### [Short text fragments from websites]
=== Section Start ===
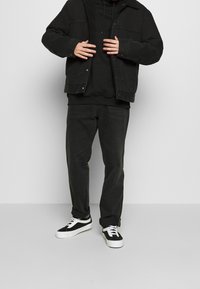 Persona con chaqueta de denim forrada de sherpa negra, sudadera negra, jeans negros y zapatillas blanco y negro, ajustándose la chaqueta con las manos.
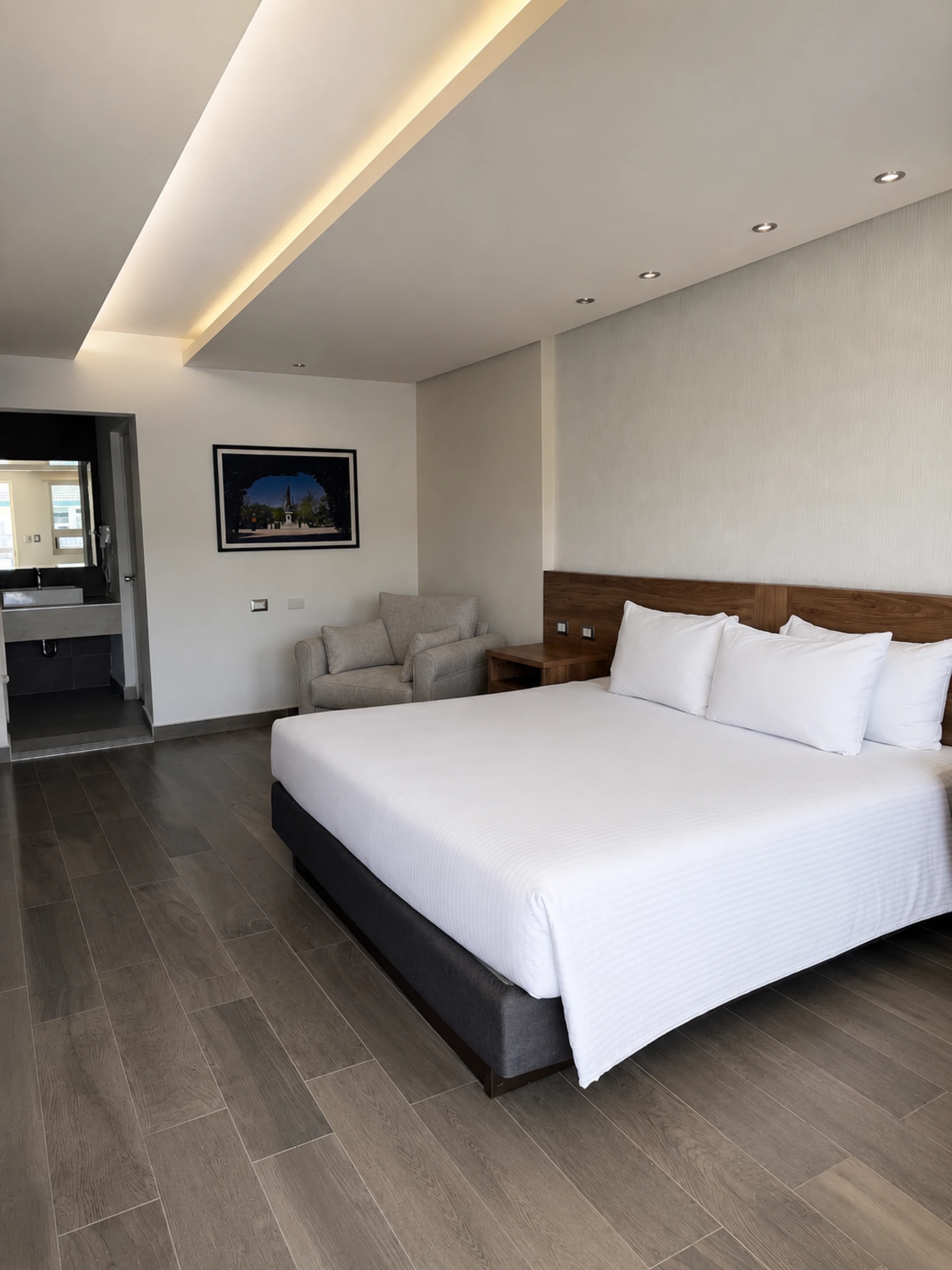 Se ve una cama doble con ropa de cama blanca y un sofá gris en un dormitorio con suelo de madera oscura.
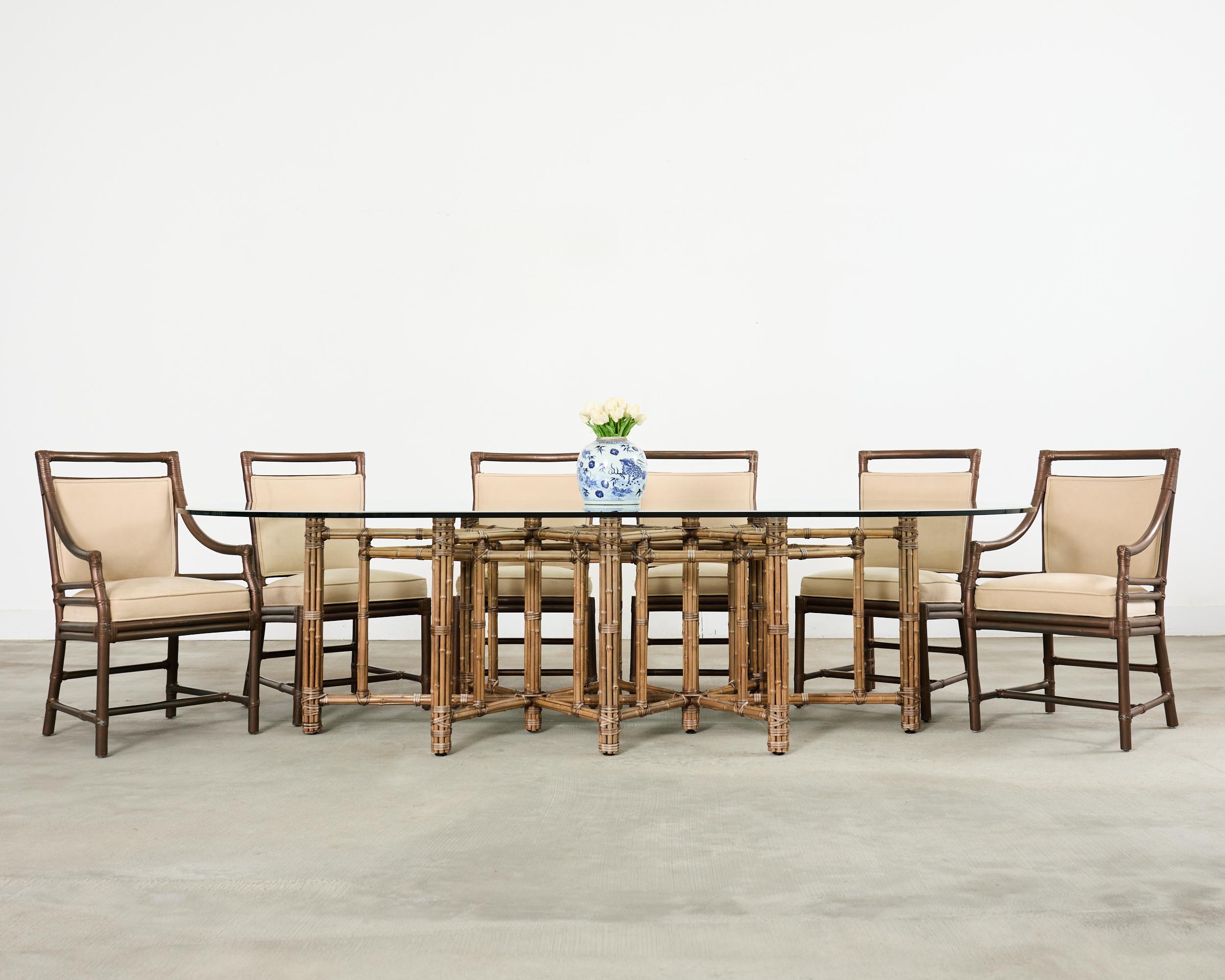 Amazing one-off monumental oval dining table crafted in the California coastal organic modern style by McGuire artisans. The bespoke table was custom ordered with an octagonal shaped star base to accommodate 8 to 10 diners. The table is constructed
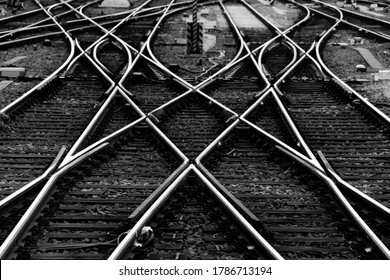 Railway tracks with switches and interchanges at a main line station in Frankfurt Main Germany with geometrical structures, thresholds, gravel and screws. Reflecting symmetrical rails black and white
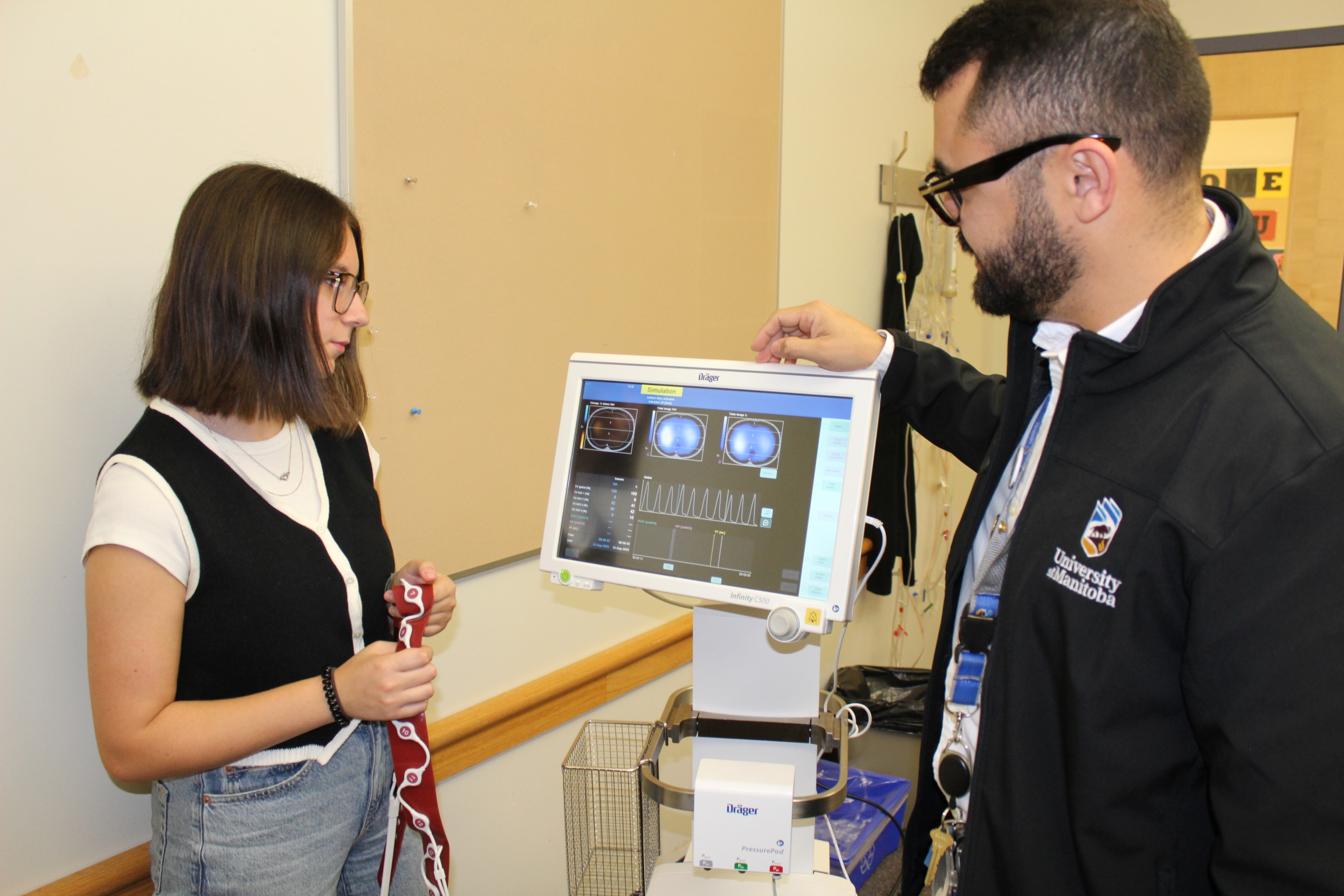 Respiratory therapy instructor Mayson Sousa demonstrates a ventilation machine to student Taylor Davidson.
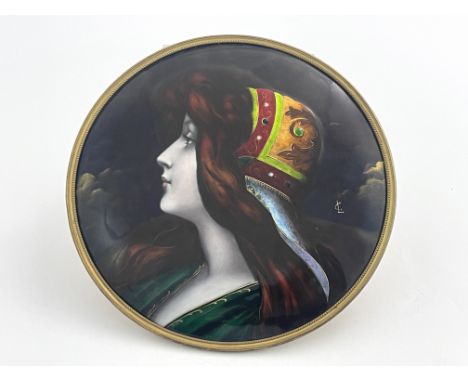 An Art Nouveau enamel convex plaque in the manner of Limoges, late 19th Century, decorated with a bust portrait of a young la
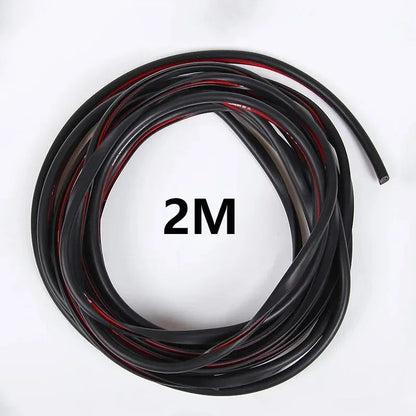 Coiled 2M black U-shape rubber car door edge guard trim strip on white background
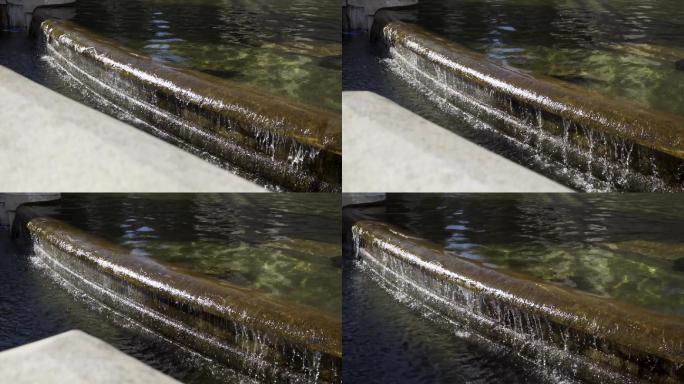 池水喷泉水流溢出广场公园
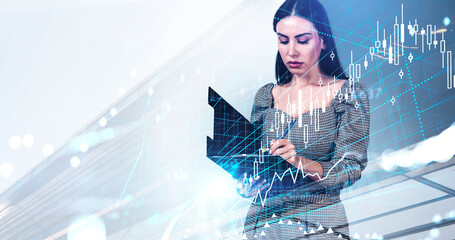 Woman in business attire studies document with financial charts overlaid, modern creative style, digital data background, concept of business strategy
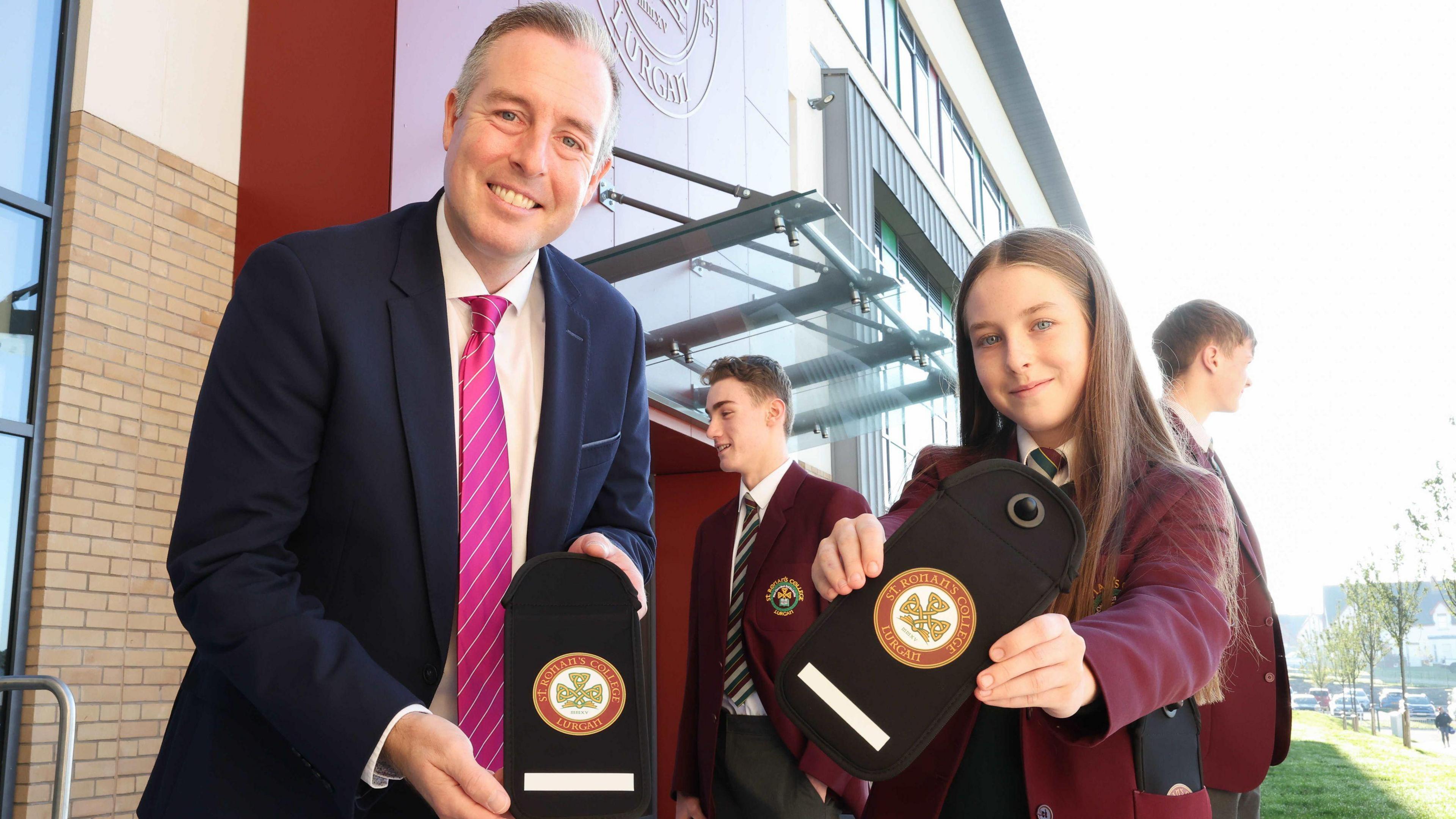 A man in a navy suit, white shirt and pink tie holds a black pouch with a red and white circle badge on it. A young girl stands beside him holding an identical pouch, they both smile to the camera. The girl wears a red blazer with a white shirt and green, red and grey striped tie. Behind the pair are two boys wearing the same blazer shirt and tie combo. Behind all four is a red brick building with rows of clear windows and a large red entrance. 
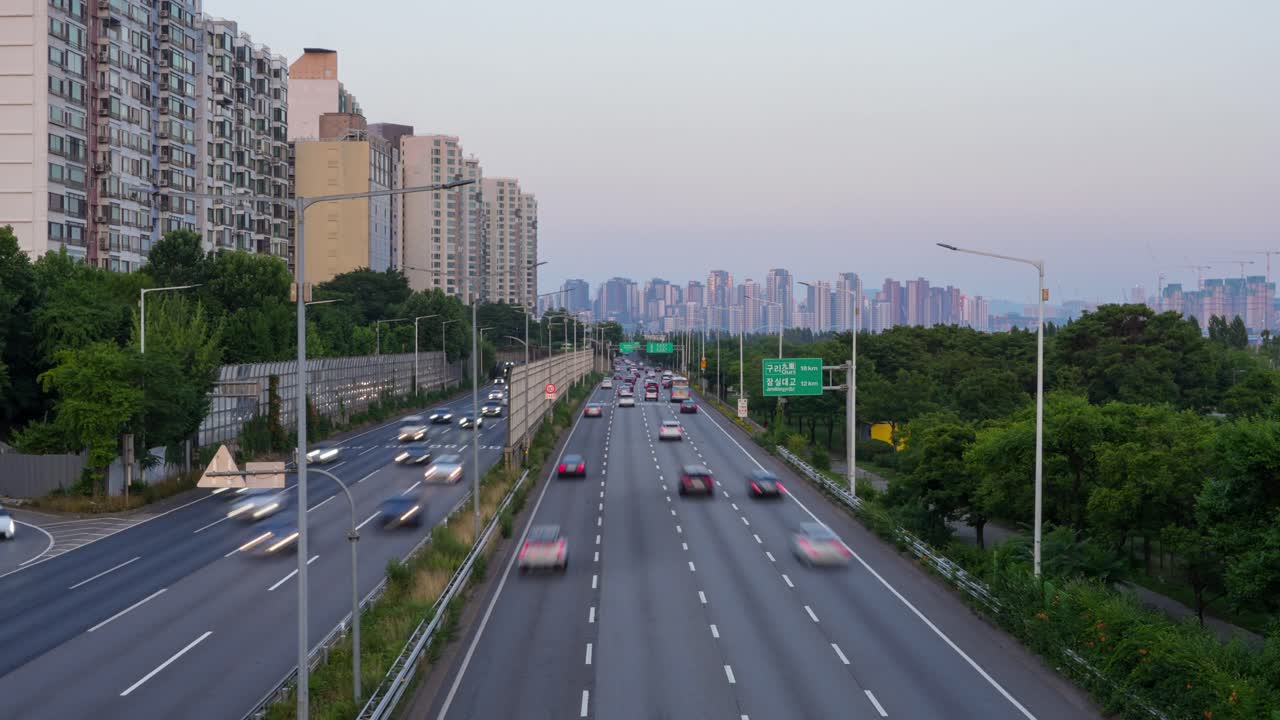 Time-lapse of Gangbyeonbuk-ro highway in Seoul at sunset, with moving traffic and tall apartment buildings in view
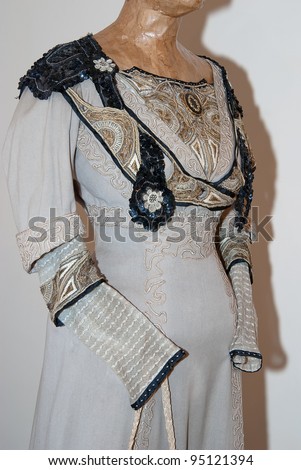 KIEV, UKRAINE - APRIL 16: An original gray woman\'s dress detailed is on display at the Marina Ivanova\'s private collection exhibit on April 16, 2011 in Kiev, Ukraine.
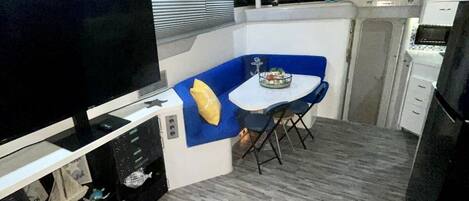 A compact living space with a flat-screen TV, a small dining table with blue cushions, and a kitchenette area.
=== Section End ===
### [TASK TO CARRY OUT]
Only the lines from the top of the records through the line with "Amazing one-off monumental" belong in the copy; write them out exactly, leaving out pictures.

### [WRITTEN ANSWER]
 Persona con chaqueta de denim forrada de sherpa negra, sudadera negra, jeans negros y zapatillas blanco y negro, ajustándose la chaqueta con las manos.
 Se ve una cama doble con ropa de cama blanca y un sofá gris en un dormitorio con suelo de madera oscura.
 Amazing one-off monumental oval dining table crafted in the California coastal organic modern style by McGuire artisans. The bespoke table was custom ordered with an octagonal shaped star base to accommodate 8 to 10 diners. The table is constructed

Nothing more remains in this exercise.